A small attempt to describe how a person with social anxiety struggles with making any social contact, whether offline or online.

I am not here to tell the dos or donts, or that you should particularly exhibit these traits to call yourself a person with social anxiety. It is more of a personal quest, and so is any kind of mental illness. Your circumstances vary, your threshold for handling anxiety varies. Rather than looking at it as a guide book or anything, one should just let oneself feel connected to it with an enforcement of belief that no one is alone in this world.

If only people could know how hard it is for a person with social anxiety to post things on social media.

Logging in to any social media is like entering a room full of people. You think everyone is quietly noticing you, so you check your activity log or profile after every visit to see if you have bothered them in any way.

Liking/sharing any post is not easy for you. You think about how it reflects you and how it affects the other person for days. So you spend your likes/shares cautiously which makes people think you are stingy.

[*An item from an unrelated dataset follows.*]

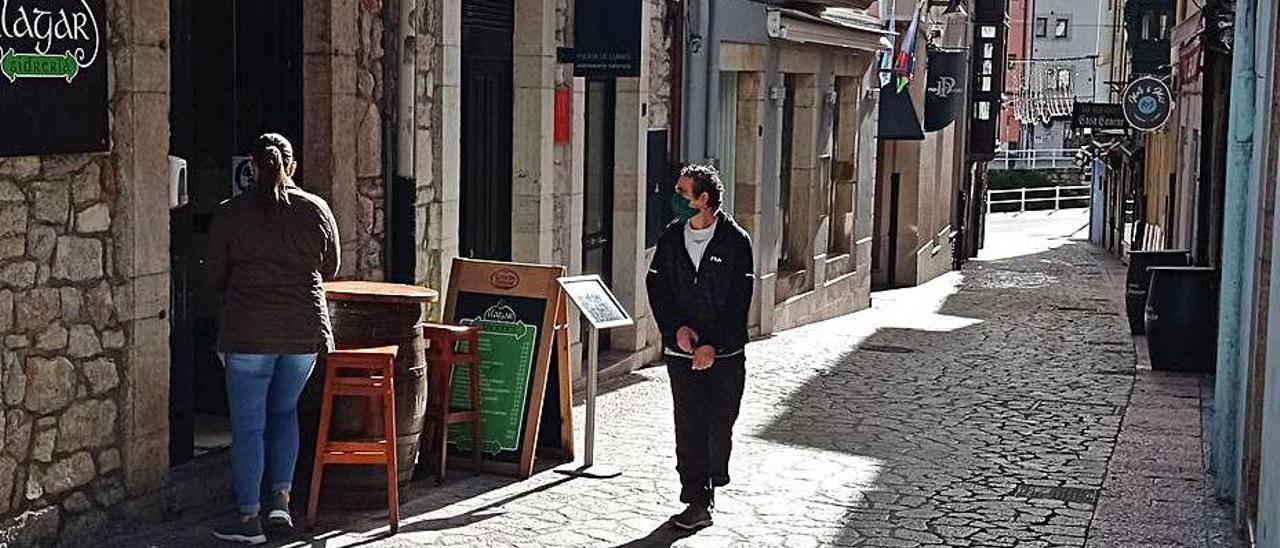 Dos vecinos, ayer, en la calle Manuel Cué de Llanes, zona de sidrerías, donde únicamente hay abierto un bar. | Eva San Román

If you spell out your heart in any post then its completely not okay if a person you know well doesn’t like it. You check their signs and yours several times to see if everything is okay between you two.

Unreplied messages are your nemesis. You check them hundred times to see what’s wrong with it and end up saying sorry for whatever it is even if it’s not your fault but you take it on you for them not having a quality internet time.

Calls give you another level of anxiety. You think you are never prepared to answer something instantly. You think your mind is so accustomed to thinking about a zillion times before speaking that you find writing to be a more convenient option. Text messages through any medium are liberating for you.

My struggle with social anxiety has been exasperating one. It’s exhausting, but exciting at times. Exciting, because the reward looks multiplied every time. As I say, anxiety is a little magnifying glass for all our problems and worries. The same implies to happiness, at times. The ocassions of finding happiness are rare but they are as delicious as it’s rarity. As a person with anxiety, I am more accustomed to seeking happiness in small things. No one knows the value of small joys, like us. A small talk or a light pat on the back can send tidal waves of happiness rushing through your spine; it gets you going for days, sometimes weeks. Fragility becomes synonymous with your emotions, you are hurt easily, and happy more easily.

For the person who is friends with a person with social anxiety:

I am not saying that you should put up with the behaviour of a socially anxious person or handle them with kid’s gloves. I am just saying that maybe if you can give them a little more space and not call them out publicly when you know that there is no malice then you should.